◆ **Work to be completed**
For the records shown below, return an exact copy that excludes the pictures.

◆ **Recorded data**
____

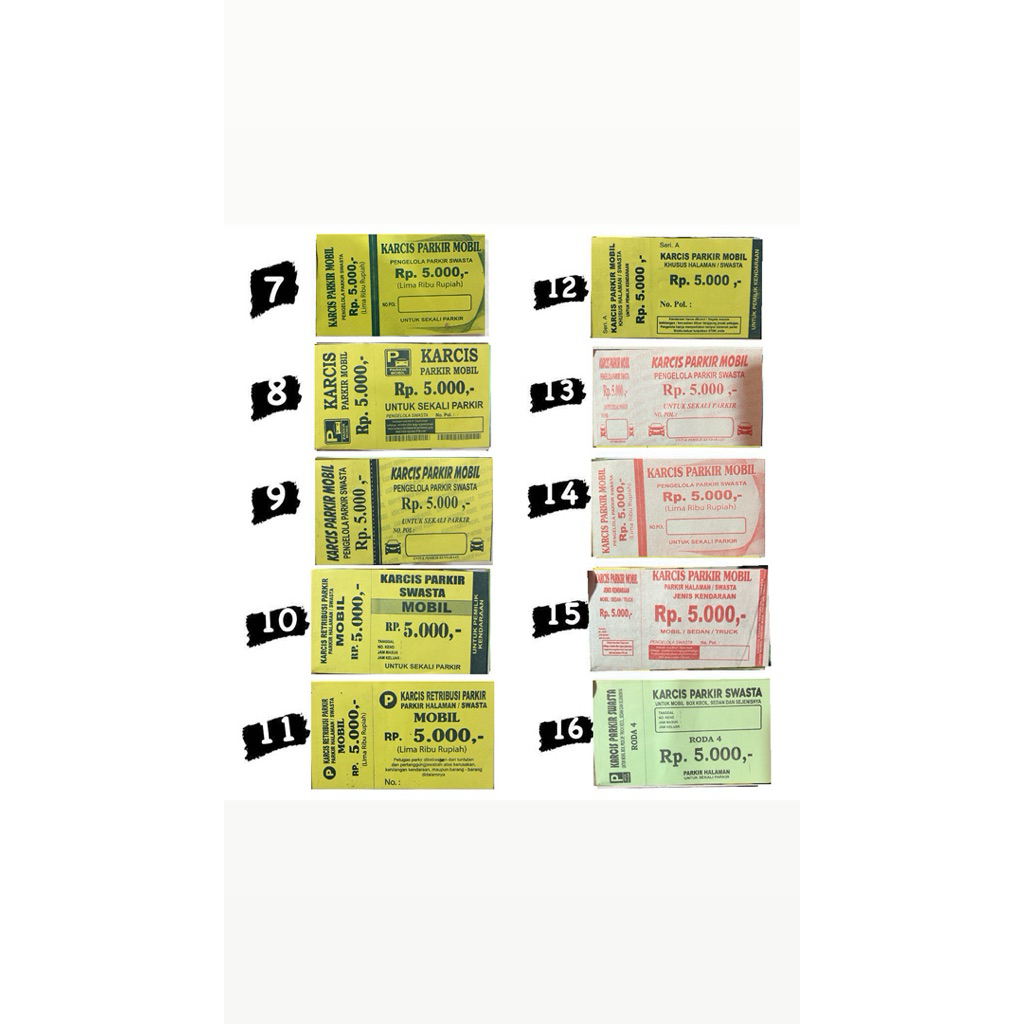 

KARCIS PARKIR MOBIL TRUK 4000 5000 6000 7000 8000 10000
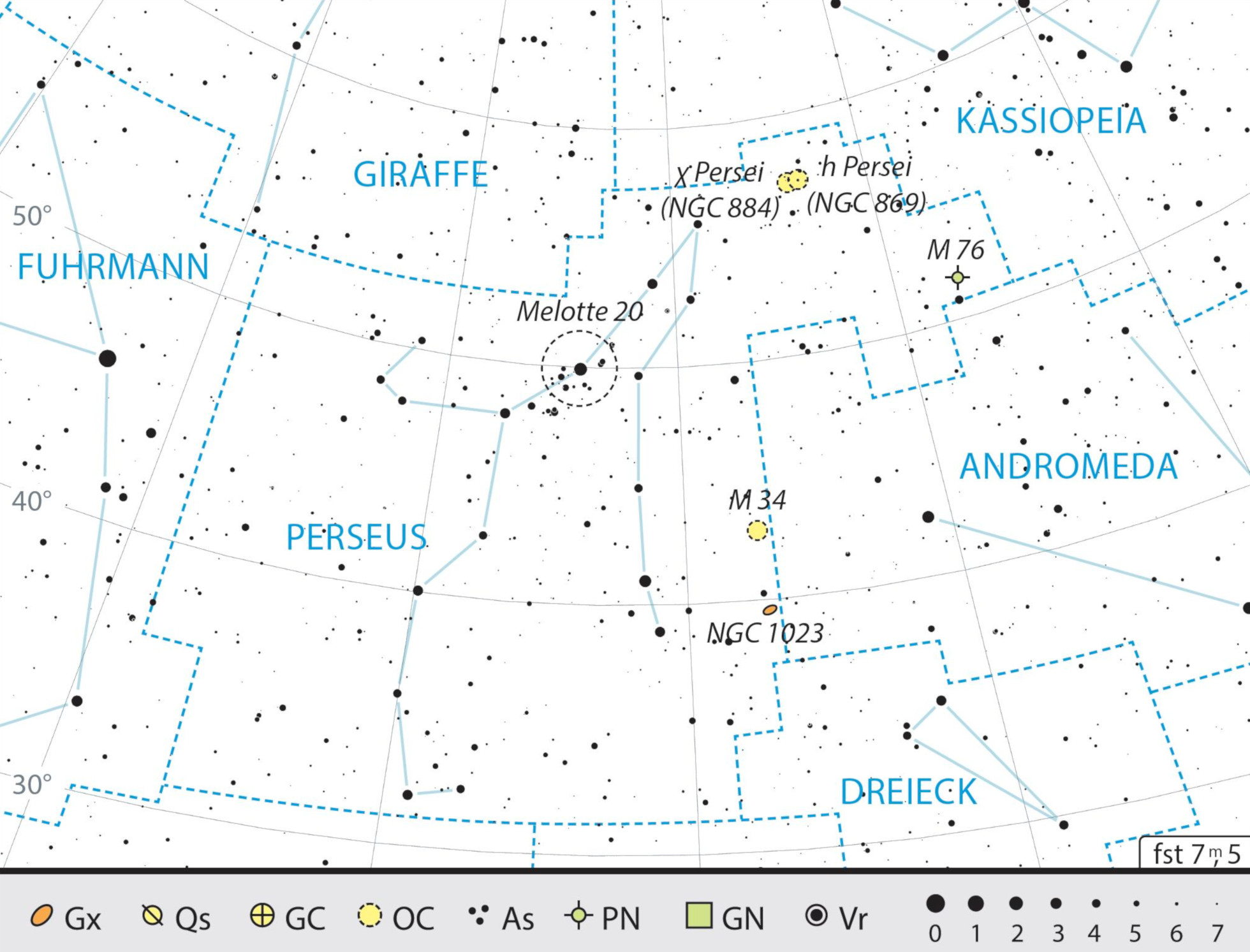 Mapa geral da constelação Perseu com as recomendações de observação. J. Scholten 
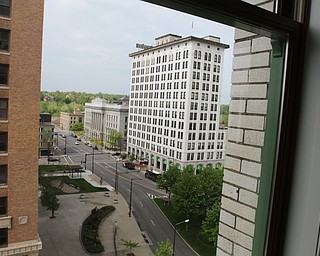    ROBERT K YOSAY  | THE VINDICATOR..looking south from the hotel..Double Tree in Youngstown opened its restaurant and Hotel today Wed. in the former Stambaugh Building.  The building  has been restored to its original marble and granite and then some....-30-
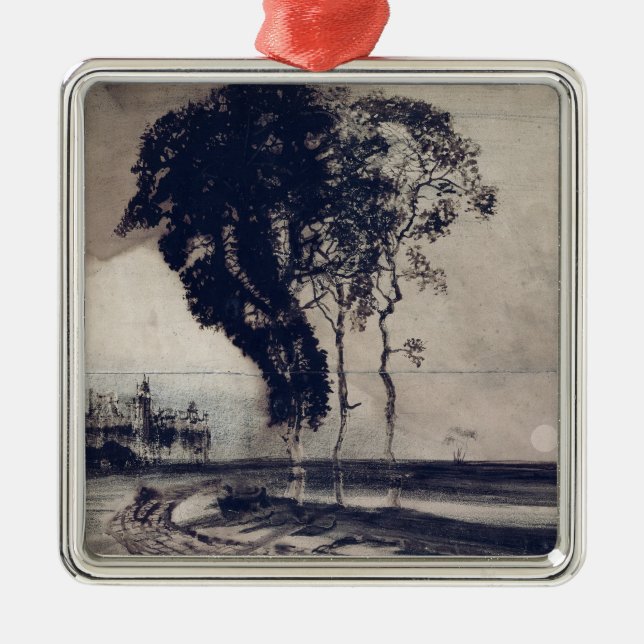Ornamento De Metal Paisagem com três árvores, 1850 (Frente)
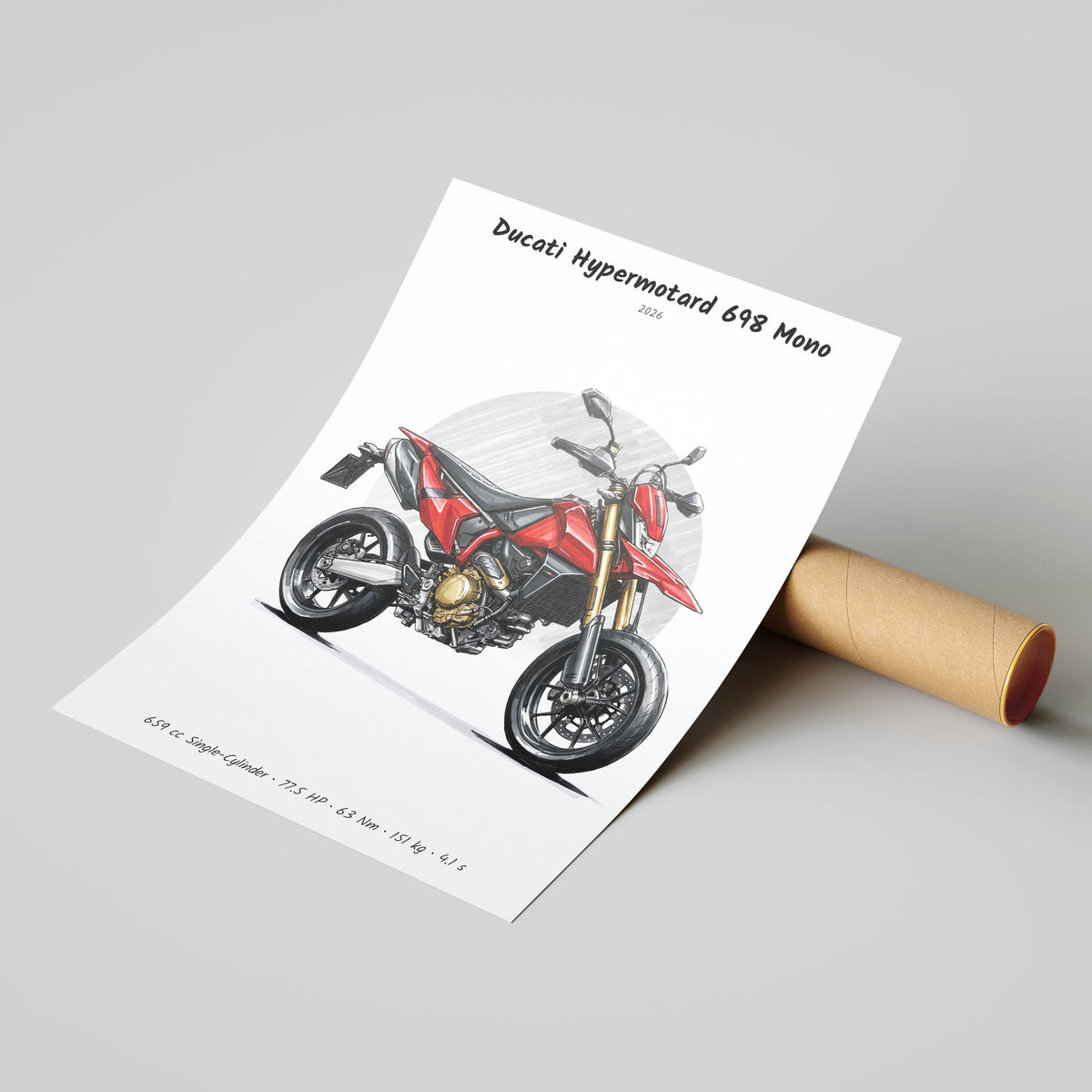 Ducati Hypermotard 698 Mono 2026 Poster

____

◆ **Completed task**
KARCIS PARKIR MOBIL TRUK 4000 5000 6000 7000 8000 10000
 Mapa geral da constelação Perseu com as recomendações de observação. J. Scholten 
    ROBERT K YOSAY  | THE VINDICATOR..looking south from the hotel..Double Tree in Youngstown opened its restaurant and Hotel today Wed. in the former Stambaugh Building.  The building  has been restored to its original marble and granite and then some....-30-
Ornamento De Metal Paisagem com três árvores, 1850 (Frente)
 Ducati Hypermotard 698 Mono 2026 Poster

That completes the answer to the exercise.